JNI-performance - Is it really that fast?

Wed Mar 26 03:26:40 UTC 2008

>

Following up on the other part of the your email ...

> I was asking because I did some benchmarking and (on my dual-core
> machine, with an obscure microbenchmark) the grabbing the AWTLock for
> a 1x1 rectangle takes almost as much time as the whole Xlib-processing
> + JNI-overhead.
>
> The code looks like:
> SunToolkit.awtLock();
> long xgc = validate(sg2d); //simple, pure Java method
> XFillRect(sg2d.surfaceData.getNativeOps(), .....); // native method
> SunToolkit.awtUnlock();
>
> 10mio 1x1 rect:
> 600ms native method commented out
> 850ms locking commented out.
> 1400ms locking+native method
>
> The numbers include all the code-path from Graphics.fillRect() up to
> X11Renderer.fillRetc.
>
> As you can see locking (at least on my machine) is almost as expensive
> as the JNI-Downcall and the real work together. I used the
> server-compiler.
>
> The AWTLock was a java-monitor till JDK5 (not 100% sure), but was a
> victim of contention because it was used also from native code and
> sometimes from multiple threads (but I guess it was not heavy
> contended in most cases).
> IN JDK6 it was replaced with a ReentrantLock, some features like
> tryLock() where used to implement the new OpenGL pipeline ...
> performance also improved.

I recall discussions with the 2d folks on that topic.

>
>
>> In your case if the lock is ever shared -- that is, locked by  
>> multiple
>> threads during its lifetime -- then biased locking probably won't
>> provide the latency reduction benefit you're after.   The object will
>> likely become unbiased at some point.  I suspect that sharing will
>> ultimately occur in your case, but be infrequent, correct?
>
> Exactly, the most likely scenary is that there is one rendering-thread
> which does million of locks, and a few other calls from native code
> (currently they upcall from C to lock the ReentrantLock).
> It could also happen that there are two or more active rendering
> threads at the same time, but this is not really common and a fallback
> to unbiased would be totally ok.
> Wouldn't be a BiasedLock something worth to implement, maybe with the
> possibility how fast/likely the Lock can become unbiased?

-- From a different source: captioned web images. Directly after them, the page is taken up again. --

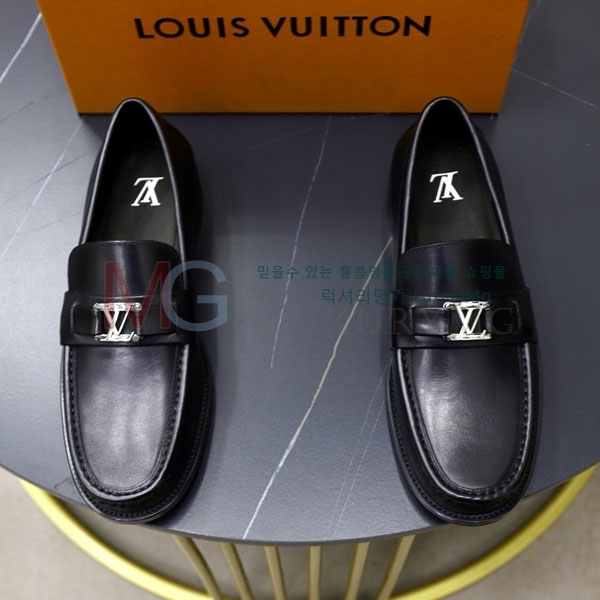  ̺ / LV290650-3
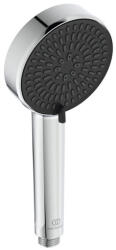Vidima ДУШ СЛУШАЛКА idealrain alu bd580aa 2 ФУНКЦИИ (bd580aa)
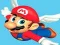 Flappy Mario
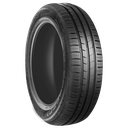 165/65R13 77T TRACMAX X-PRIVILO TX2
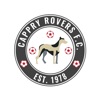 Cappry Rovers FC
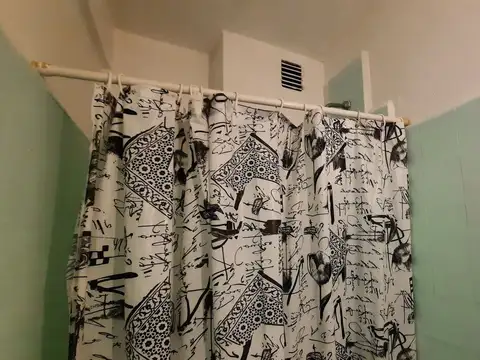 Departamento en Alquiler 56 años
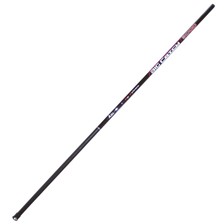 MANCHE D'EPUISETTE AUTAIN BIG CATCH 3M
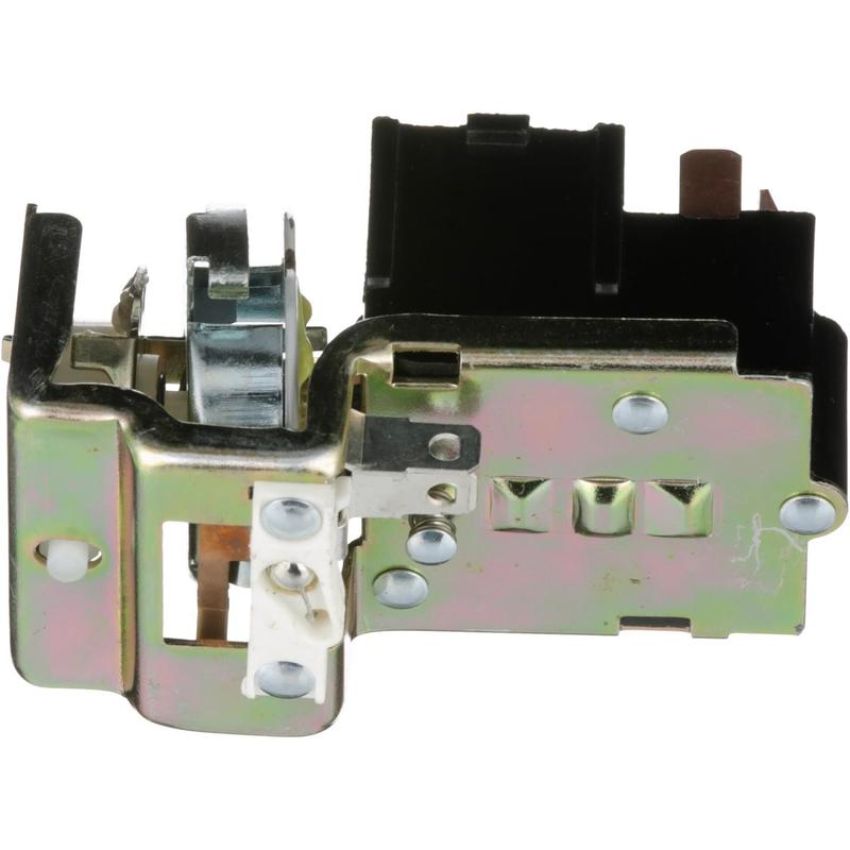 Standard Ignition DS-273 Headlight Switch
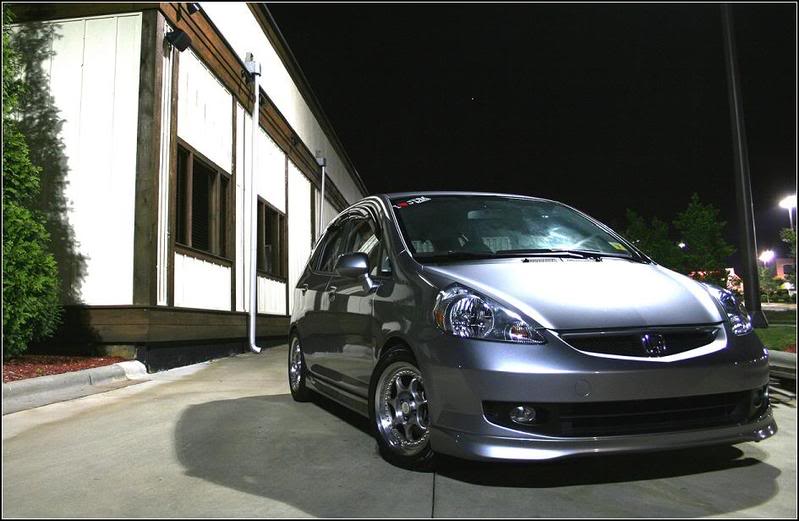 Name:  wheels3.jpg
Views: 77
Size:  67.9 KB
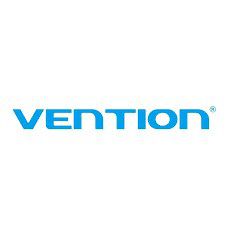 Vention AALBF HDMI cable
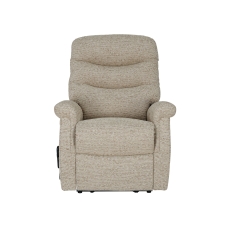 Celebrity Hollingwell Standard Recliner Armchair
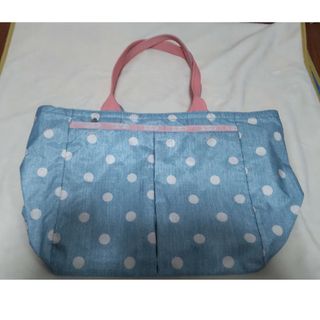 レスポ(LeSportsac) インナーの通販 55点 | レスポートサックを買う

Unbiasing a lock, or more properly revoking its bias, can be  
exceptionally expensive.   In the extreme case it might require a full  
stop-the-world thread rendezvous to ensure there are no races between  
the revoking thread and the bias holding thread.  (Ken's oopsla paper  
describes some ways to mitigate that cost).   While it's not strictly  
fundamental to biased locking, the mechanism today also makes good use  
of the fact that we know that synchronization -- enter and exit  
operations -- are typically balanced ("last locked is first unlocked")  
allowing the JVM to hide additional locking information on the  
stack.   A BiasedLock in the vein of ReentrantLock wouldn't have that  
property, making the implementation a bit more complicated.    
Generally, though, BiasedLock seems like a bet in the wrong  
direction.   If you suspect that biased locking would be a win then  
for the most part you'd be better off with synchronized instead of yet  
another special construct.   (I worry too that things like BiasedLock  
don't necessarily age well. Biased locking is purely a response to  
processor-local CAS/cmpxchg latency.  As processor vendors have turned  
their attention to the issue the latency has shown relative  
improvement so today's good idea might be tomorrow's legacy baggage  
that needs to be towed around in perpetuity).

Regards
Dave

>
>
> However this really has not a lot prioritry to me ... I really should
> care about other things ... somehow I entraped into this when deciding
> the design of my XRender-Java2d pipeline. Sorry for all the traffic...
>
> lg Clemens